Some days I am all about saving time....
I am all about it every day!!
Clean wild rice before cooking by placing it in a bowl with plenty of cold water.
Give the rice a stir, then set the bowl aside for a few minutes to let any debris float to the surface.
Pour off the water and proceed with the recipe.
Minnesota Wild Rice Soup
2 Tablespoons butter
3 carrots, finely diced
2 leeks, white and light green parts, finely diced
(I used onions)
2 celery stalks, diced
1/4 cup all-purpose flour
2 quarts chicken broth
3/4 cup wild rice
1/2 teaspoon salt
3/4 cup heavy cream, hot
(I used 1 cup....might use more next time)
3 Tablespoons dry sherry
(I omitted, because I didn't have any)
1/4 cup minced chives
3 Tablespoons chopped parsley
Heat the butter in a soup pot over medium heat.

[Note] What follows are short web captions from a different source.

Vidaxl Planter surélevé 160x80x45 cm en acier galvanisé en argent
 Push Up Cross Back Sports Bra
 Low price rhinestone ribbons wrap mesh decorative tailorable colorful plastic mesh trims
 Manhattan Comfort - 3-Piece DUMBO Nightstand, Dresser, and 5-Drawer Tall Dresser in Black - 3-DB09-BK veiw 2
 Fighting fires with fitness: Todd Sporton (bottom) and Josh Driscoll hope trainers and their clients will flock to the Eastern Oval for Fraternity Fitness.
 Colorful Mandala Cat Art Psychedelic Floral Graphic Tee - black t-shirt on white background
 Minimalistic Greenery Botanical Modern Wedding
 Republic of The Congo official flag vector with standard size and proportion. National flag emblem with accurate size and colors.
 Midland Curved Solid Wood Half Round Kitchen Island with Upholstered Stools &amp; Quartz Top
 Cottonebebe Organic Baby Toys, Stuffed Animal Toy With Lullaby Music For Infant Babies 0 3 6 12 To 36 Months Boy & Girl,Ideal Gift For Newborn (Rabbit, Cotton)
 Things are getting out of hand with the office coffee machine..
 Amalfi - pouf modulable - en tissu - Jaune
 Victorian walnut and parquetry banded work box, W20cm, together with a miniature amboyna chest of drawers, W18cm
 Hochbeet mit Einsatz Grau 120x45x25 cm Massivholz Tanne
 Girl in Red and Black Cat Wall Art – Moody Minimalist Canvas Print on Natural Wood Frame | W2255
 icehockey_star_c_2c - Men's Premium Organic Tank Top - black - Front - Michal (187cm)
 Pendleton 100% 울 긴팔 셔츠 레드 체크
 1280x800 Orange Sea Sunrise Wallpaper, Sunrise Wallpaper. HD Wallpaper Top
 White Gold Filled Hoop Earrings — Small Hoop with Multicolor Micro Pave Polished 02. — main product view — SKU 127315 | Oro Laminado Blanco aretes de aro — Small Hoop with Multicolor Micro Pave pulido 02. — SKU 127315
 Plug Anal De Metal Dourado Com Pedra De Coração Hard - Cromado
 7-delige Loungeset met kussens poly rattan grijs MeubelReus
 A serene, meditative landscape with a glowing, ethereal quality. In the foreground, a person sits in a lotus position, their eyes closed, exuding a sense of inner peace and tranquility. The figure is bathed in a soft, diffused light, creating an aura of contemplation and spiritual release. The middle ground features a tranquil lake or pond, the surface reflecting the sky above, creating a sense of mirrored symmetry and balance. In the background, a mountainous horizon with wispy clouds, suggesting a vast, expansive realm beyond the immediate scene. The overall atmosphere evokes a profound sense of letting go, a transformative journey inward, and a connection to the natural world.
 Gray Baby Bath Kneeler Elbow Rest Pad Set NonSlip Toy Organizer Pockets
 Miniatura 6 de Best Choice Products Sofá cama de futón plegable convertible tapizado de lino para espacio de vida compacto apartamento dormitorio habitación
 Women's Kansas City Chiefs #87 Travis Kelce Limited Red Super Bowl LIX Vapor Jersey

Add the veggies and cook until softened....about 5 minutes.
Reduce heat to low and add the flour....stir well.
Cook gently for about 3 minutes stirring constantly.
Add the broth slowing...whisking well to eliminate flour lumps.
Bring to a simmer.
Add the wild rice and salt.
Simmer until the rice is tender, but still a little chewy....about 45 minutes.
Stir in the heated cream and sherry. Season with salt. Garnish with chives and parsley.
Next time I plan on adding mushrooms....possibly some slivered almonds..and chicken, ham or bacon if we are eating meat that day. :)
This was especially tasty served with fresh Dill Bread.